Banned Book Review – “Slaughterhouse five, or The Children’s Crusade: A Duty-Dance with Death”
Earlier this year, I decided to participate in the Banned Books Challenge to broaden my horizons and read so many of the books that I’ve always meant to read.
I started the year with “The Things They Carried,” a collection of short stories which take place during the Vietnam War. I decided to stay with that theme of war novels and I moved on to “Slaughterhouse Five,” by Kurt Vonnegut.
“Slaughterhouse five” follows the story of Billy Pilgrim, a chaplain’s assistant, during World War II. Billy is captured shortly after the Battle of the Bulge and travels to Dresden while a prisoner of war. He, like Vonnegut himself, is in Dresden during the city’s firebombing in WWII.
According to Wikipedia, “Slaughterhouse five” was banned (attempted to) due to it’s “irreverent tone and purportedly obscene content.” As with “The Things They Carried,” and I’d imagine any book that deals with war, it is going to discuss things that leave some people uncomfortable. Terrible things happen during wars, and people should be honest about it (and with themselves). War is hell.
But the book covers more than just the war – it talks about Billy’s life before and after war, as well as his interactions with the Tralfamadorians. The Tralfamadorians experience time different than the traditional linear form that we do, they instead leap through time, experiencing events years apart and often at random. A oddity, which they impart to Billy, causing him to become unstuck in time – leaping back and forth from his regular life, to the war, his time as a prisoner of war, to his time in captivity with the Tralfamadorians, and other events.
The confusion and off-kilter feeling with time skipping and Vonnegut’s style (not traditional chapters) worked well for a retelling of a war story. I’ve never been to war, but I’d imagine that most survivors of war have moments of time when they suddenly think about a memory from their time in the war… especially when trying to reacclimate to their old lives and heal from the traumatic experience of going to war.
There is also a refrain that is repeated many times during the book and anyone who has read the book can easily tell you what it is – “so it goes.” It is often repeated after discussing a character’s death or unfortunate event. This is part of where the pro-banning the book people got their “irreverent tone” nonsense from. And to their objections to the book, I’ve no doubt Vonnegut had three words for them: “so it goes.”
It was an interesting and deep story, peppered throughout with some bits that were humorous. My favorite funny scene was when a writer was at a party of eye doctors and talks with a young woman –
“Did that really happen?” said Maggie White.

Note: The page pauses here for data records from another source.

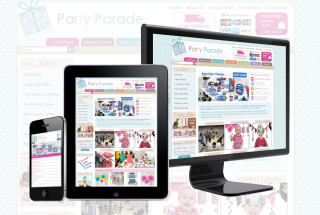 Ecommerce website design Cornwall - Party Parade
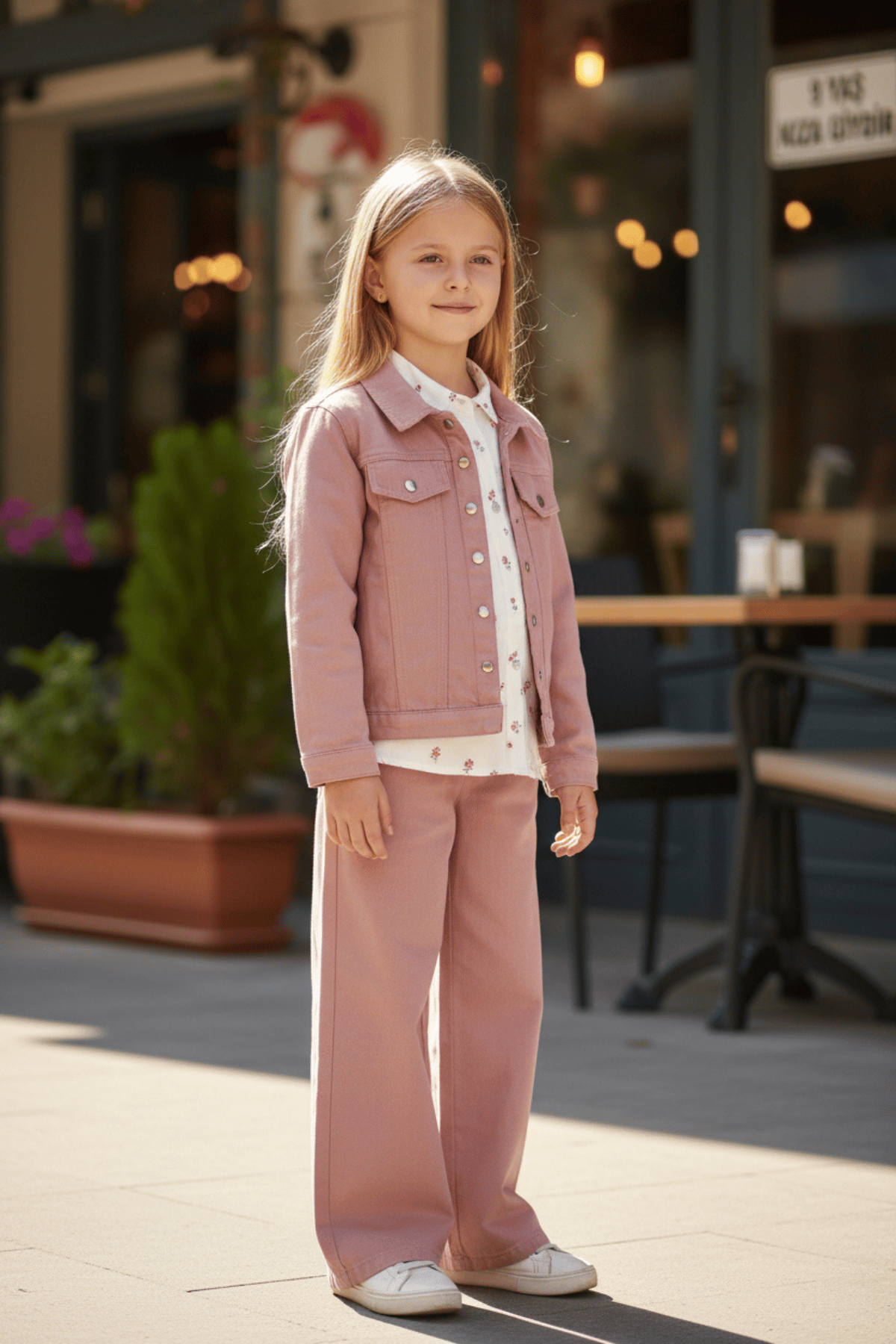 Çiçekli Kız 3'lü Takım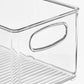 Plastic Kitchen Organizer  Storage Holder Bin with Handles for Pantry 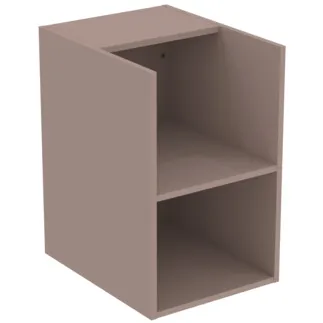 IDEAL STANDARD I.LIFE B - Schrank 400x505x630 mm in greige matt - Vormontiert, Nachhaltig gewonnenes Holz #T5322NH - Greige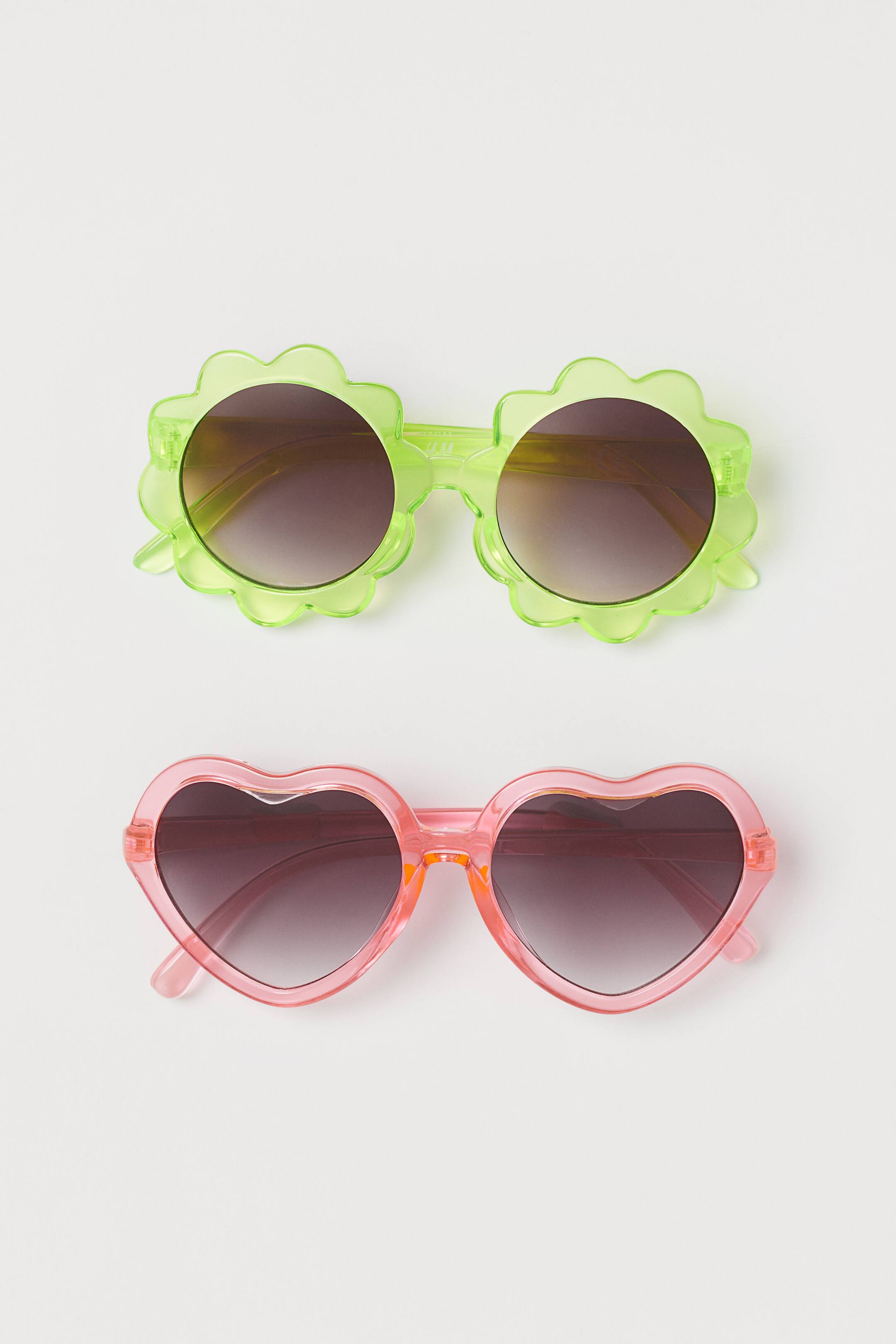 View larger image: 2-pack sunglasses - Pink/Light green - Kids | H&M IN 1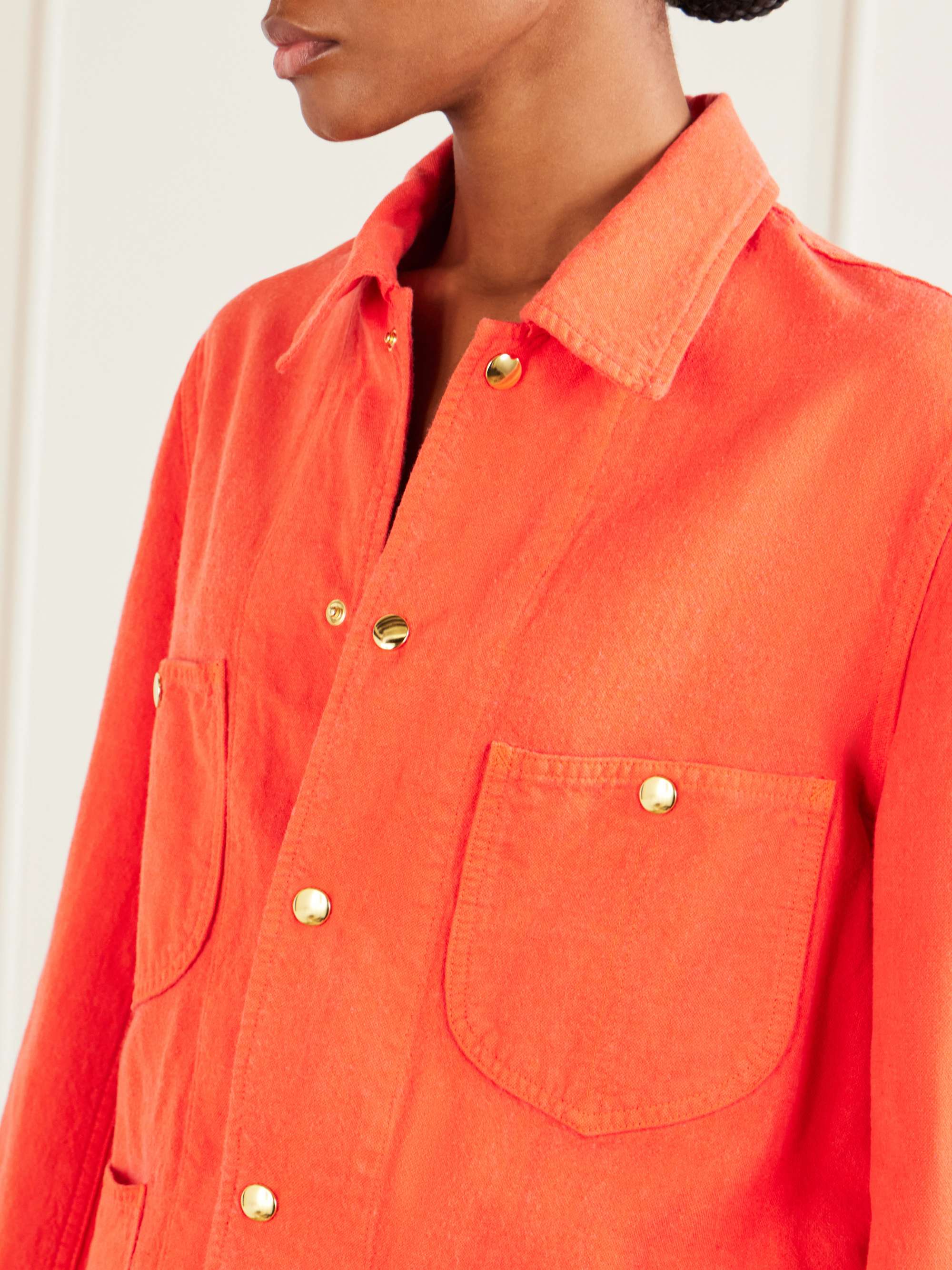 AURALEE Wool, cotton and linen-blend jacket | NET-A-PORTER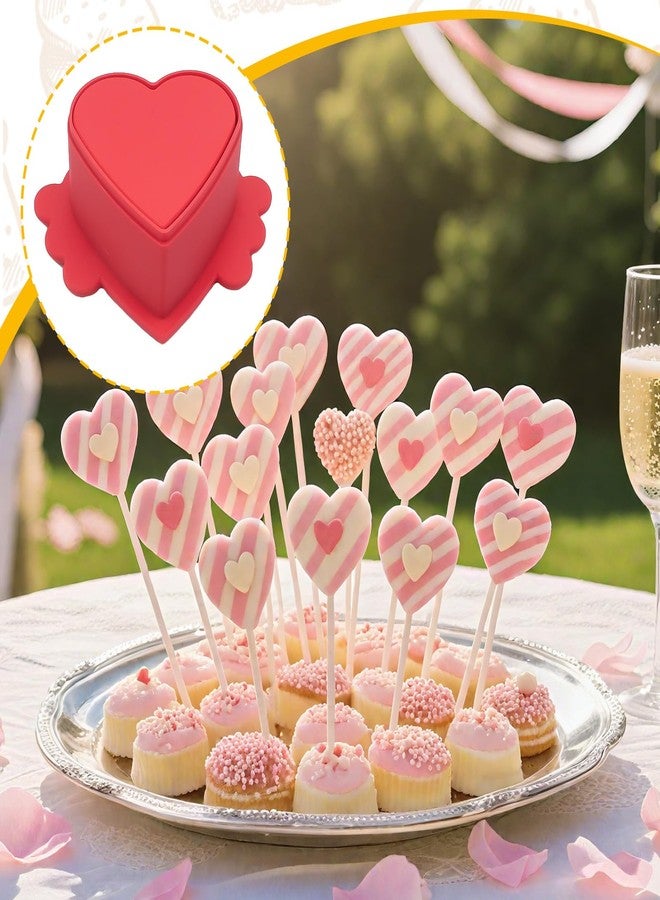 KCMOSGI 2Pcs Cake Pop Molds, Circle and Heart Cake Pop Cutter and Pusher, Baking Tools for Cake Shop Home Baking, Birthday Party - Image 5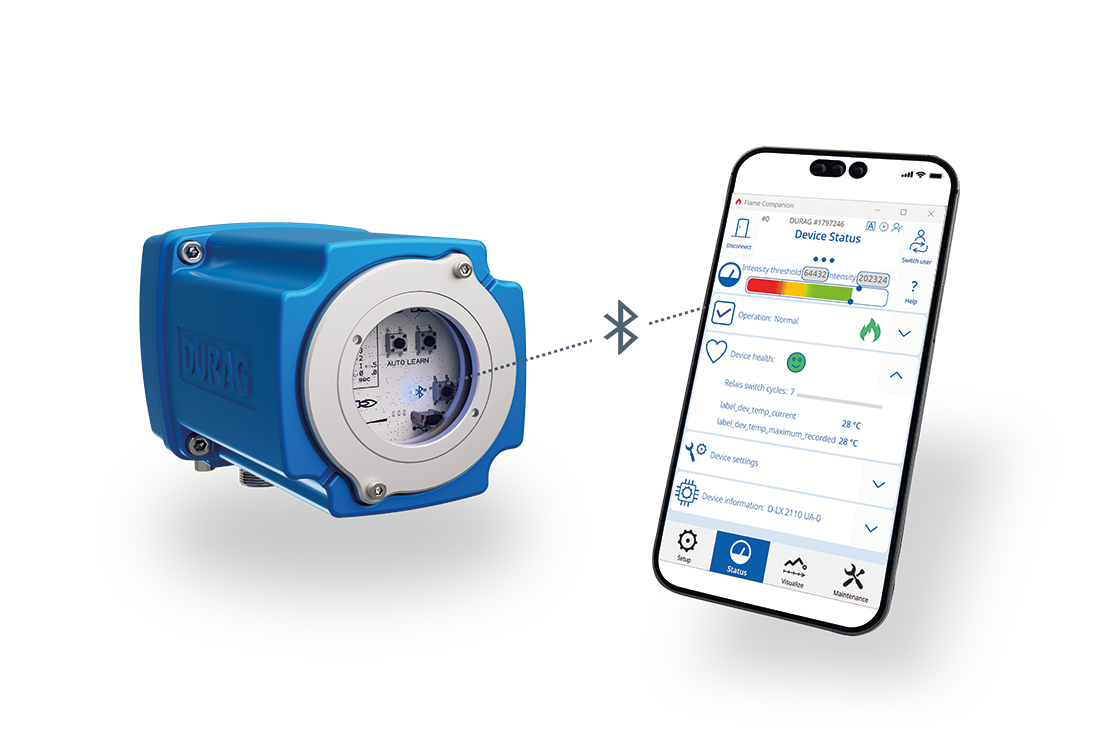 DURAG Flame Supervisor connects to smartphone app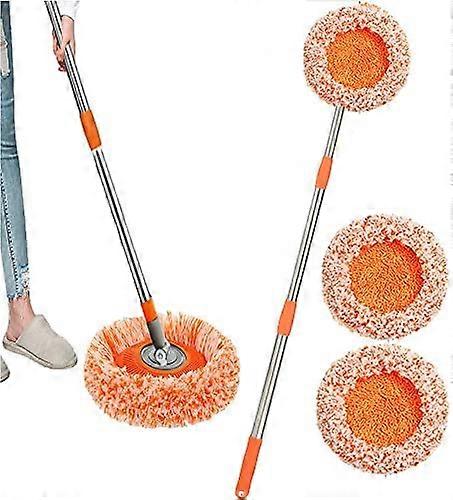 Mop, 360 Rotatable Adjustable Cleaning Mop, Mop Head is Reusable and Replaceable, Rotating Adjustable Cleaning Mop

She was a dull person, but a sensational invitation to make babies. Men looked at her and wanted to fill her up with babies right away. She hadn’t had even one yet. She used birth control.
“Of course it happened,” Trout told her. “If I wrote something that hadn’t really happened, and I tried to sell it, I could go to jail. That’s fraud.”
Five out of five stars for “Slaughterhouse Five,” I’d put it on the list of books that you should read at some point in your life…as it’s probably one of the best novels of our time.
And make sure you check out the banned books challenge for 2015, because books should never be banned.